More than £2m in bonuses have been given to top managers of Lloyds Banking Group, just weeks after the bank was hit with a £117m fine for mishandling payment protection insurance compensation claims.
The bank – in which the taxpayer has a stake of just under 17% – withheld £2.6m of bonuses following the fine from the Financial Conduct Authority, which covered the period 2012 and 2013.
But on Thursday, Lloyds released shares from bonuses deferred from those two years which had not been withheld. The dozen or so members of the executive committee had on average about 25% of their bonus withheld, while the the chief executive, António Horta-Osório, had £350,000 docked. Horta-Osório was not included in Thursday’s announcement.
In total, shares worth just over £2m were handed to 10 top managers at Lloyds, including the finance director, George Culmer. The bank did not spell out what portion of the share awards related to 2012 or 2013, while some also related to the 2014 financial year.
The FCA fined Lloyds after finding had failed to treat customers fairly when complaints were made over the insurance product. The fine was the largest the City regulator has levied in relation to the mis-selling of PPI, but Lloyds has also incurred costs of more than £12bn for the scandal.

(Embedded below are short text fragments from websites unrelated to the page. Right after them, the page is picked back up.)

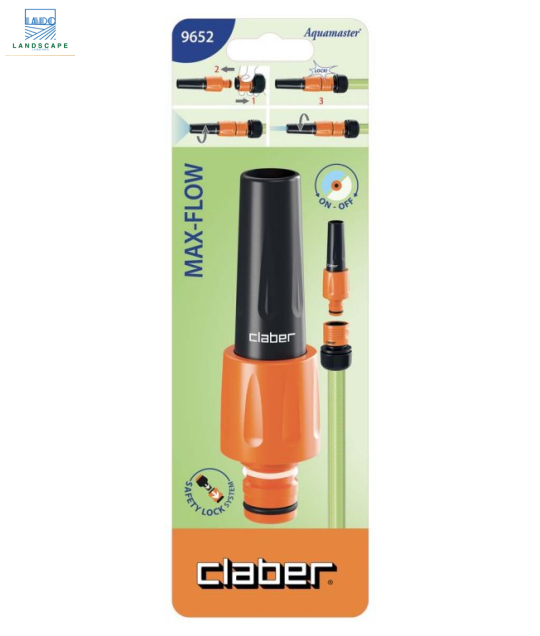 Vòi xịt tưới cây đa năng lưu lượng lớn Claber 9652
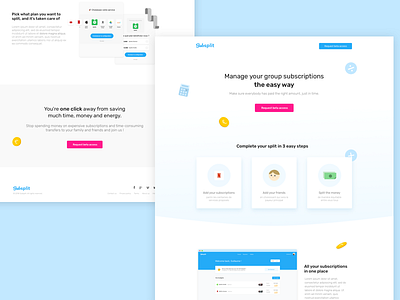 Subsplit calculator landing money page share ui web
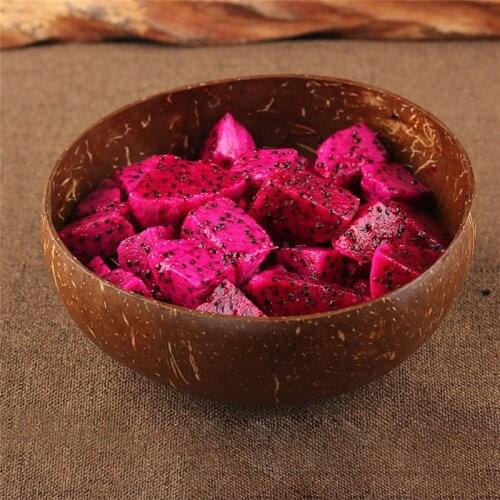 Coconut Bowl Eco-friendly Soup Salad Noodle Rice Bowl Wooden Fruit Container Handicraft Kitchenware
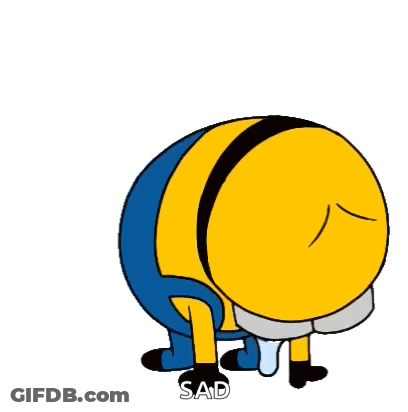 Cartoon Minion Crying GIF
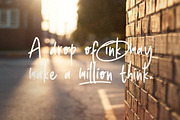 Ainin - Natural Handwrite Font, a Script Font by Dirtytemp Studio (Thumbnail 7 of 11)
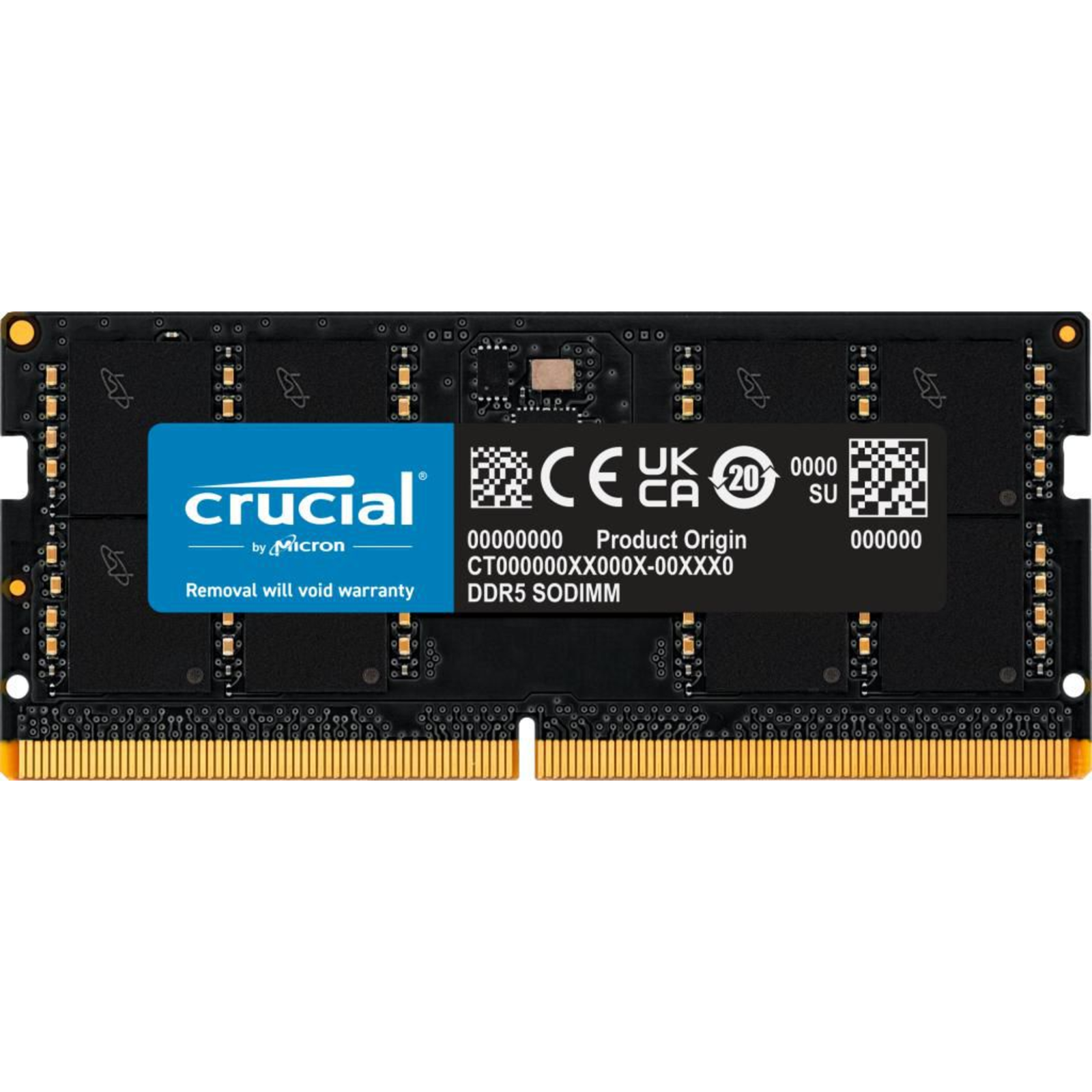 Crucial DDR5 32GB 4800MHz CL40 Non-ECC SO-DIMM 262-PIN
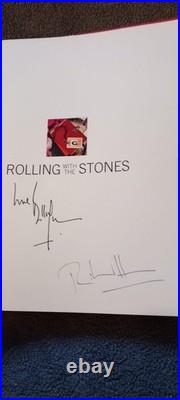SIGNED Rolling with the Stones book by hand signed by Bill Wyman/Richard Havers
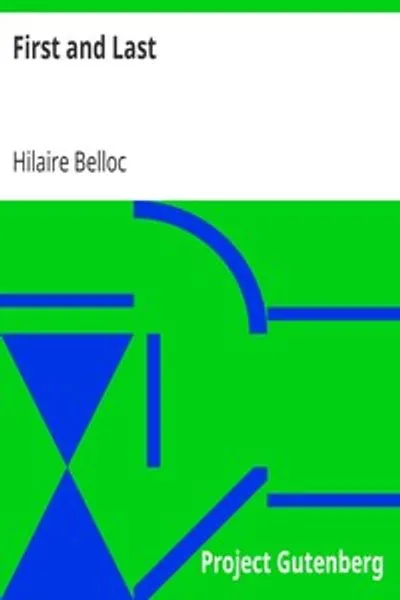 Обложка книги "Первое и последнее"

The bank also revealed it handed out just over £1.1m of shares as a quarterly instalment of a so-called fixed share award. This was put in place to sidestep the EU’s cap on bonuses. The cap limits bonuses to one times salary – or twice if shareholders approve – so many banks have been handing out fixed amounts of shares alongside salaries to prevent overall pay levels falling. Horta-Osório was awarded 136,880 shares, after tax and national insurance payments, worth around £120,000.